Looking for some help improving the performance of this SQL query
I'm not a real big TSSQL expert. We have a query that returns almost 2 million records. It takes over 2.5 minutes to run. We've added indexes, and that shaved off one minute (used to take 3.5 minutes to run), but 2.5 minutes is still too slow. Can anyone show me how to modify this query to improve it's performance? I suspect the change will have to occur with the "in" statement, and with the way the "LOCATION" value is being calculated, but I'm not sure how to go about doing it.
select distinct
A.ptid,
A.ptmgrx,
A.ptmgry,
A.fename,
B.fename XFENAME,
A.rt1 route,
A.pr,
A.mp,
A.rdbranch,
A.gs grade,
A.cs,
A.csmp,
A.cspath,
(select distinct twpname from tamc.dbo.fipsmdot where fipscode = A.fmcdl) + '; ' +
(select distinct county from tamc.dbo.fipsmdot where fipsco = A.countyl) + ' County, ' +
(select distinct twpname from tamc.dbo.fipsmdot where fipscode = A.fmcdr) + '; ' +
(select distinct county from tamc.dbo.fipsmdot where fipsco = A.countyr) + ' County' LOCATION
from intersectionApproaches A INNER JOIN intersectionApproaches B ON A.ptid = B.ptid
where A.ptid in
(select distinct C.ptid from intersectionApproaches C, intersectionApproaches B
where C.ptid = B.ptid)
Edits: The DB server is MS SQL Server 2008. I have the execution plan but there doesn't seem to be a way to make it visible easily. It saves itself as a .sqlplan file. Not sure if that would work for anyone else. But I can provide some info from it.
29% of the time is spent doing a Distinct sort.
15% of the time is spent doing an "index spool" (it does this three different times)
6% is spent doing a "table spool" (only one time)
8% doing a "Sort"
To answer JNK: The original query was in a stored procedure and took a couple of parameters that limited the result set. Here is the original query with those parameters:
select distinct
A.ptid,
A.ptmgrx,
A.ptmgry,
A.fename,
B.fename XFENAME,
A.rt1 route,
A.pr,
A.mp,
A.rdbranch,
A.gs grade,
A.cs,
A.csmp,
A.cspath,
(select distinct twpname from tamc.dbo.fipsmdot where fipscode = A.fmcdl) + '; ' +
(select distinct county from tamc.dbo.fipsmdot where fipsco = A.countyl) + ' County, ' +
(select distinct twpname from tamc.dbo.fipsmdot where fipscode = A.fmcdr) + '; ' +
(select distinct county from tamc.dbo.fipsmdot where fipsco = A.countyr) + ' County' LOCATION
from intersectionApproaches A INNER JOIN intersectionApproaches B ON A.ptid = B.ptid
where A.ptid in
(select distinct C.ptid from intersectionApproaches C, intersectionApproaches B
where C.ptid = B.ptid
and (C.fename + isnull(' ' + C.fetype,'') like @str + '%' or @str in (C.rt1name, C.rt2name, C.rt3name)) and (B.fename + isnull(' ' + B.fetype,'') like @xstr + '%' or @xstr in (B.rt1name, B.rt2name, B.rt3name)))

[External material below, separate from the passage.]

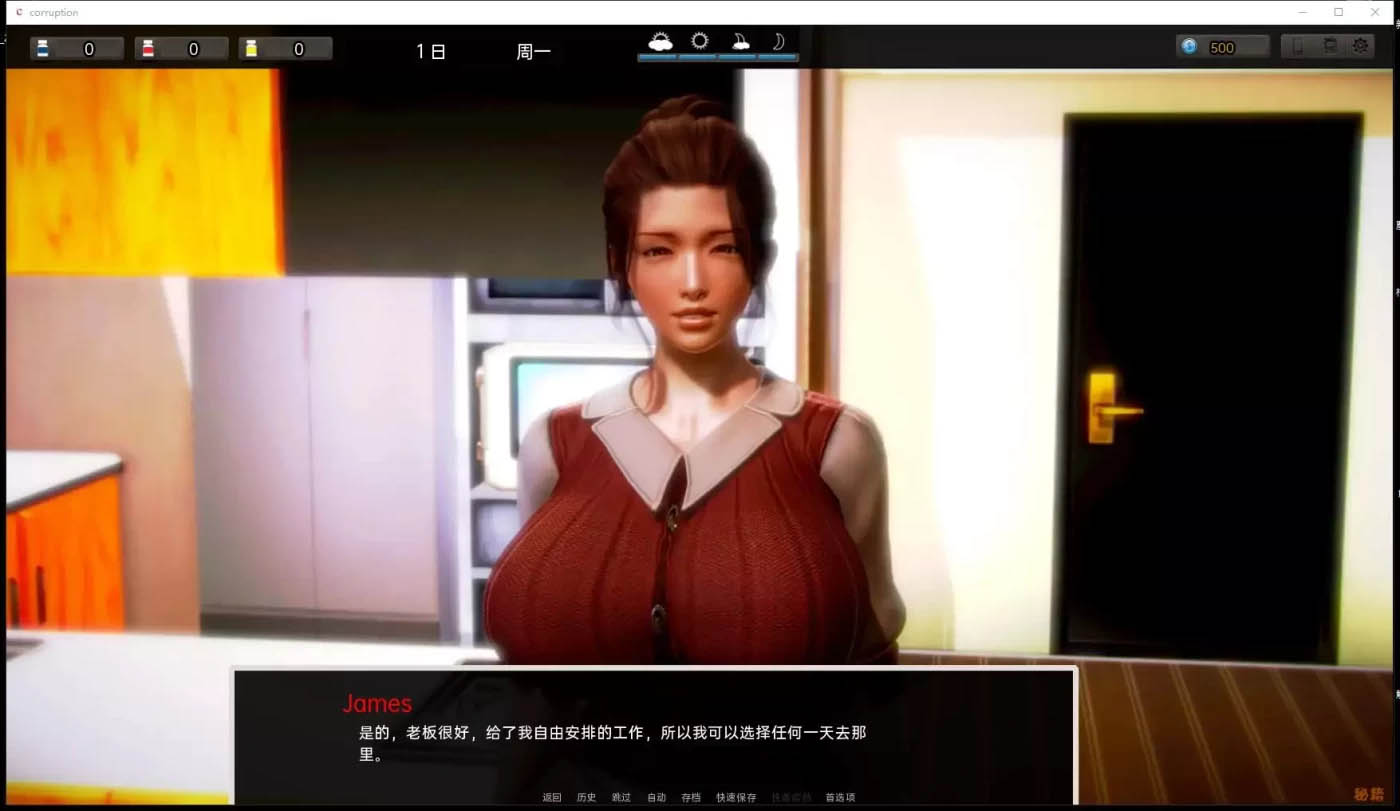 [PC+安卓] 腐蚀[腐化]Ver2.65 精修汉化作弊版[欧美SLG/4G]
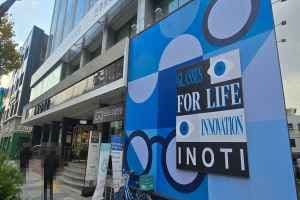 INOTI Optical Jinju Dongseong Branch [Tax Refund Shop](이노티안경 진주동성점)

Hopefully this helps to explain what happened. I removed the last part of the where clause since I was trying to get a result set that was not filtered by those parameters. I want to move this into a view instead.
More Editing: The table, "IntersectionApproaches" is a table of approaches to an road intersection. For instance, the standard road intersection is composed of 4 approaches (one for each side of the intersection that traffic could approach the intersection from). The original purpose of the stored procedure, was to return a list of intersectionApproaches matching a particular pair of street names.
For instance, you have "Main" and "1st" and they have an intersection.
There are four intersection approaches for this one intersection.
"Main and 1st"
"1st and Main"
"1st and 1st"
"Main and Main"
They all share the same "PTID", which is the intersection ID.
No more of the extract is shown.